Classiques à l’air libre
L’ancien propriétaire est parti avec ses toiles préférées et a laissé le reste. Quand le brouillard, à la fin du printemps, enveloppe les sapins et qu’on pénètre dans l’enfilade de pièces boisées, on se croit transporté dans un autre temps… Mais l’été, à midi comme le soir, la terrasse rime avec palace. Elle surplombe le Haut-Lac, face aux Dents-du-Midi : un havre de paix, sous sa marquise de fer forgé, drapée de velum.

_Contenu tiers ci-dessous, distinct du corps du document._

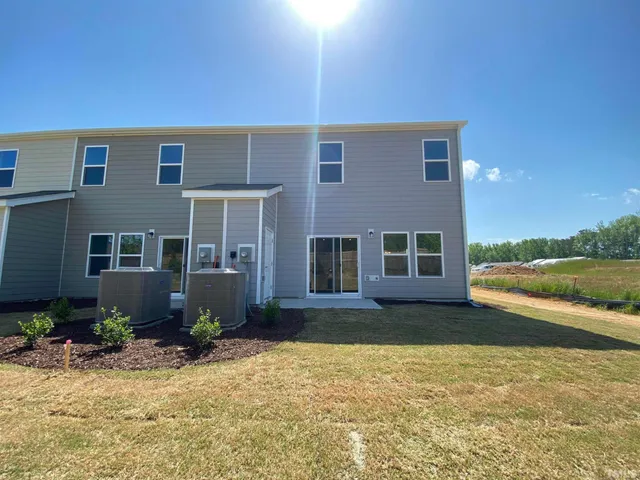 a view of a house with a yard and a ceiling fan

Le patron a l’œil de Moscou, genre agent du KGB, qui vous glisse, ici ou là un conseil et drille son (jeune) personnel. Pas étonnant que le jeune chef Gilles Vincent proclame : «Je connais l’esprit de la maison. Je suis fait pour la cuisine traditionnelle qu’il faut illuminer un peu. Mais avec ces goûts sûrs, les clients s’y retrouvent.» Ce Savoyard de 36 ans est là depuis près de dix ans, après un apprentissage à Albertville, chez Million, alors célèbre étape de province. Mais il est passé aussi par un autre conservatoire, le Beau Rivage de Condrieu, puis Georges Blanc, Roland Pierroz et Philippe Rochat. Avec un professionnel plus âgé, Yves Bretheau, le duo assure, dans une maison ouverte sept jours sur sept toute l’année, qui reçoit séminaires, mariages ou anniversaires.
Une quenelle d’anthologie
Un loup aux artichauts au jus de betterave ou un tian de tournedos d’agneau, à la provençale, ne font pas peur au chef. Pas plus qu’une quenelle de brochet du Léman d’anthologie, rehaussée d’une sauce homardine, qui réclame un vin blanc corsé (lire ci-contre). En plus osé, une exquise queue de langoustine emballée dans une feuille de brick et juste plongée, à la minute, dans la friture, posée sur une fondue de tomate à l’estragon.
Pour le plat de résistance, le patron, qui s’y connaît (il est aussi boucher !), préfère la viande de bœuf américaine, servie en cœur ou en côte — et la pièce pour deux dépasse alors les cent francs. A la carte, les prix tiennent le rang de l’établissement, mais des menus à 65 fr. à midi et 75 fr. le soir, tempèrent la douloureuse. Et les petits malins repèreront dans la cave, éclectique, les flacons qui la relativisent. La clientèle revient et la table représente 40% d’un volume d’affaires à sept chiffres. Joli exploit par ces temps où la grande restauration tire la langue. Et pas que de soif !
La bonne adresse
Hôtel Victoria, Glion
Tél. 021 962 82 82
Ouvert tous les jours
Le vin tiré de sa cave
Côtes et détours du Rhône
Un chef qui a travaillé à Condrieu, un jeune vigneron qui rencontre un confrère du même village. Il n’en faut pas plus pour que le viognier de François Grognuz, 31 ans, fils de Marco, s’acoquine, au Victoria, avec une quenelle de brochet du Léman. Un mariage presque aussi parfait que — prenons au hasard !— celui d’un vigneron avec la fille d’un syndic vaudois. Pourtant, après une dégustation, les milieux viticoles vaudois n’ont pas voulu de ce cépage réhabilité dans les Côtes-du-Rhône septentrionales, pour l’intégrer dans leur étude sol-cépage. Tant pis ! Du reste, cette toute première illustration (en 2004) des Grognuz, avec ses éclatants arômes de pêche mûre, sa structure crémeuse, bien soutenue par l’acidité et son boisé d’une parfaite discrétion, est un… mauvais exemple. Car s’il est bien vinifié à la Cave des Rois, à Villeneuve (VD), il a été planté sur la rive gauche du Rhône, donc sur sol valaisan, aux Evouettes. Face à une telle réussite, contenue dans deux barriques, François va replanter du viognier, qui plaît tant aux dames.
Chronique parue dans le Matin-Dimanche du 3 juillet 2005.